Ia berpikir dengan saksama: baik dari tulisan, waktu, maupun tempat, penulis surat ini jelas menunjuk pada Tuan Besar. Jika hal ini bisa dipastikan, maka dua pertanyaan penting yang harus dipikirkan adalah:

Pertama, mengapa Tuan Besar, seorang pedagang teh, bisa menyediakan senjata untuk bandit seperti Zhang Daqiu?

Kedua, dalam surat disebutkan bahwa urusan penting Wu Pengurus berkaitan dengan rencana besar Tuan Besar. Sebenarnya, rencana besar apa yang dimiliki Tuan Besar?

Jika dikaitkan dengan penyelundupan senjata yang disebut dalam surat, serta kabar dan peristiwa yang ia dengar di penginapan Zhemei, mungkinkah rencana besar Tuan Besar adalah pemberontakan? Jika tidak, tak mungkin Liu Chengkong menyebarkan rumor bahwa Tuan Besar dibunuh oleh pemerintah.

Ia menghela napas panjang, hatinya terasa berat, namun juga sedikit gembira: akhirnya, urusan Tuan Besar tidak lagi gelap tanpa petunjuk, kini mulai ada secercah jejak.

Jika ia dapat menelusuri jejak ini lebih dalam, mungkin ia dapat menemukan sebab kematian Tuan Besar yang sebenarnya.

Sayangnya, jejak ini bukanlah sesuatu yang bisa ia pahami hanya dengan berpikir dari sini.

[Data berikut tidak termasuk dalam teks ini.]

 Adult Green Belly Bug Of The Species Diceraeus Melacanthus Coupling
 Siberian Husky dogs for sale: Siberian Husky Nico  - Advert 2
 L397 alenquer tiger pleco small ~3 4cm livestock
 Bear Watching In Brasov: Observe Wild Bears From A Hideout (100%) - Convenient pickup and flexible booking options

Kecuali ia tinggal sementara di Gunung Luwak Hitam, menunggu hingga tanggal dua puluh enam bulan sembilan, lalu saat rombongan Wu Pengurus tiba, ia dapat menanyai mereka secara rinci untuk mendapatkan sedikit kebenaran.

Tapi kini, Zhang Daqiu telah ia bunuh dengan tangannya sendiri, jadi mustahil lagi menindaklanjuti sesuai rencana dalam surat dan bertemu Wu Pengurus; jika ia menampakkan diri sendiri, lalu mengaku sebagai pelayan putri kandung Tuan Besar, apakah Wu Pengurus bersedia memberitahukan kebenaran?

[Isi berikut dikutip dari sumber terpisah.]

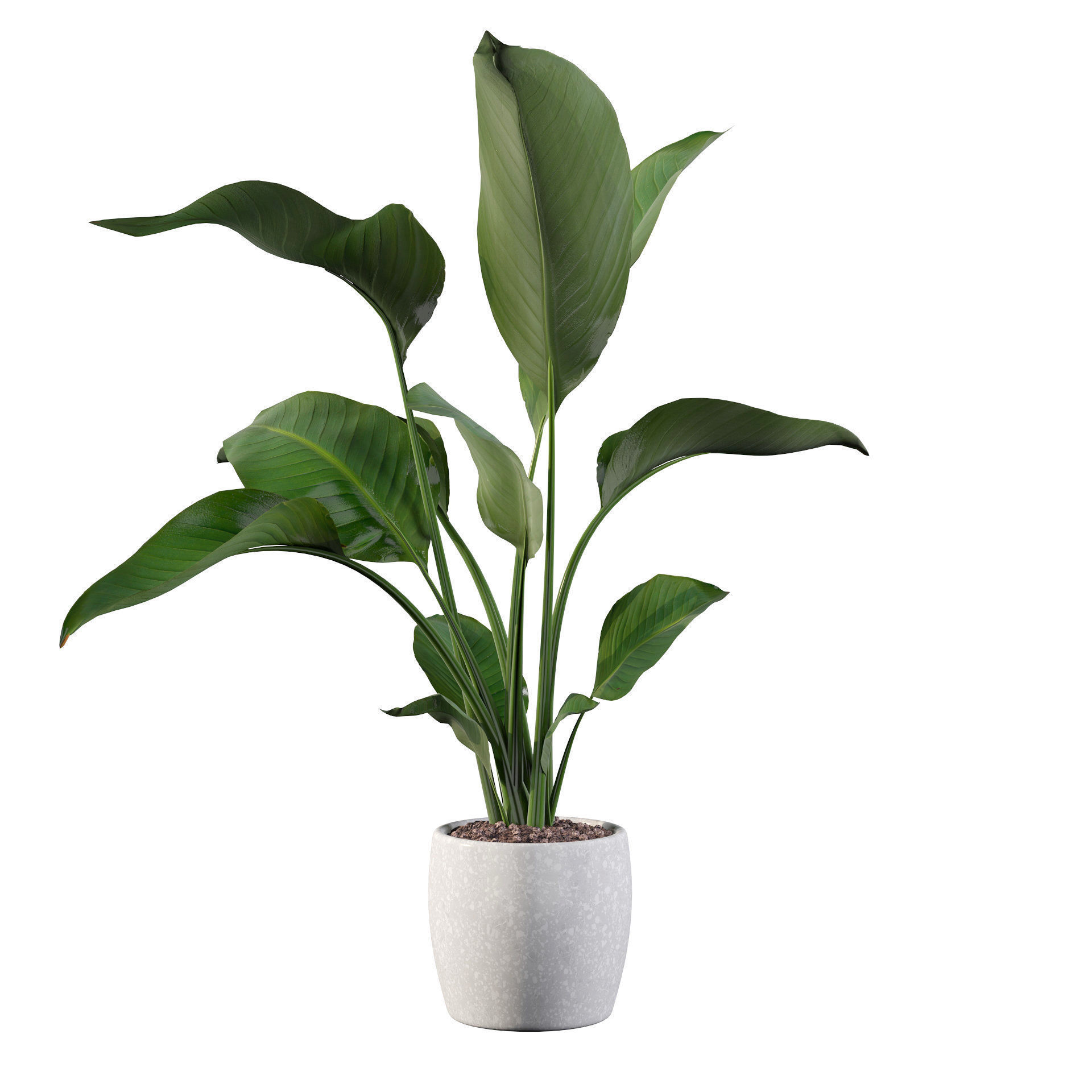 Strelitzia in terrazio pot 3D model_9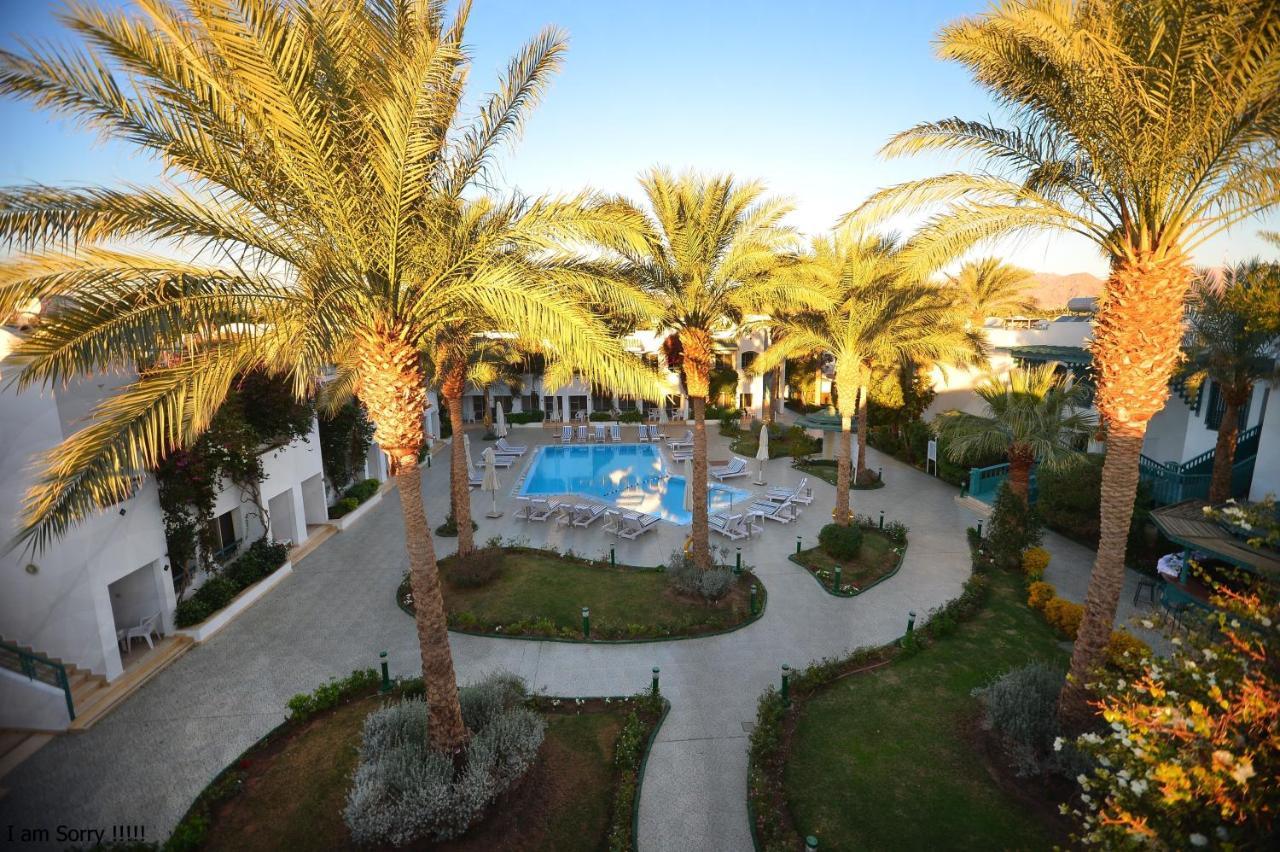 Falcon Hills Hotel Sharm el Sheikh Esterno foto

“Urusan Tuan Besar pasti sangat rahasia, tidak akan mudah dibocorkan. Bahkan jika Nona sendiri yang bertanya pada Wu Pengurus, kemungkinan besar ia pun tidak akan mengungkapkan apa-apa.”

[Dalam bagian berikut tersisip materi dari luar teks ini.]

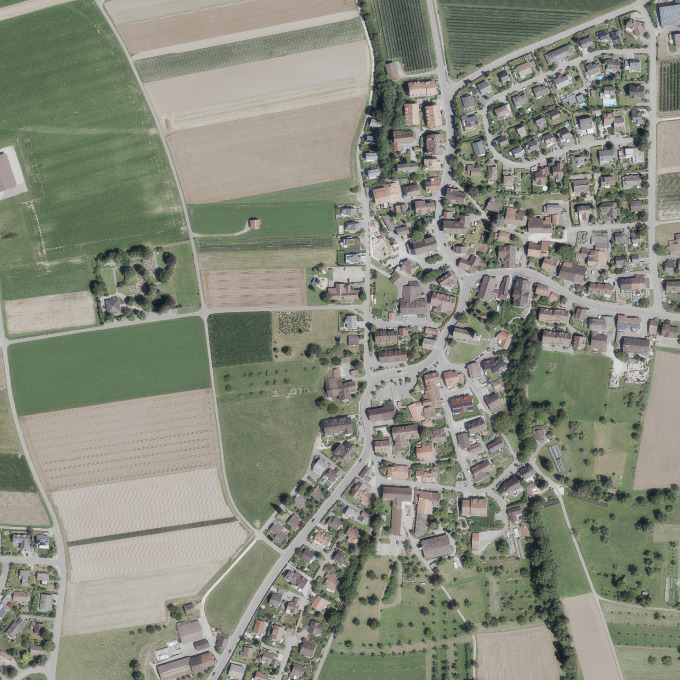 MFH Steinmaur, Steinmaur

Malam Tanpa Tidur teringat selama bertahun-tahun ini, Tuan Besar tak pernah menyebut tentang perdagangan senjata ataupun rencana besar apapun, ia pun menggelengkan kepala berulang kali.

Lalu, bagaimana cara mengetahui rahasia di balik semua ini?

Malam Tanpa Tidur untuk sementara kehilangan akal, hanya bisa mondar-mandir di dalam rumah bambu itu.

Lantai rumah bambu memang tidak terlalu kuat, gerakannya yang bolak-balik membuat lantai berderak-derak.

Wajahnya menunjukkan sedikit keputusasaan.

Andai saja ia tidak menemukan surat ini di dada Zhang Daqiu, sudah sejak tadi ia akan memanfaatkan gelap malam untuk menyelamatkan Luo Xiangzhu.

Ia juga akan mencari tempat tinggal Lai Cong, dan menggunakan jarum pemutus urat untuk menghabisi si bajingan itu.

Ia juga akan menggunakan pedang motif pinus yang direbut kembali, untuk membuat para kepala bandit dari Luwak Hitam meregang nyawa.

Andai saja ia tidak melihat surat ini, ia pasti akan jauh lebih ringan langkahnya.

Tetapi, karena telah menemukan surat ini, ada lebih banyak hal yang harus ia lakukan dan ia tanggung.

Saat itu, sebuah keanehan menarik perhatiannya.

Di sudut yang sangat gelap dan jarang terlihat, kebetulan saja ia melihatnya—kulit wajah mayat Zhang Daqiu tampak tidak wajar.

Antara kulit dan daging wajah, tampak muncul gelembung-gelembung kecil, dan dalam cahaya lampu yang temaram, samar-samar terlihat ada endapan berwarna merah kehitaman di dalam gelembung-gelembung itu.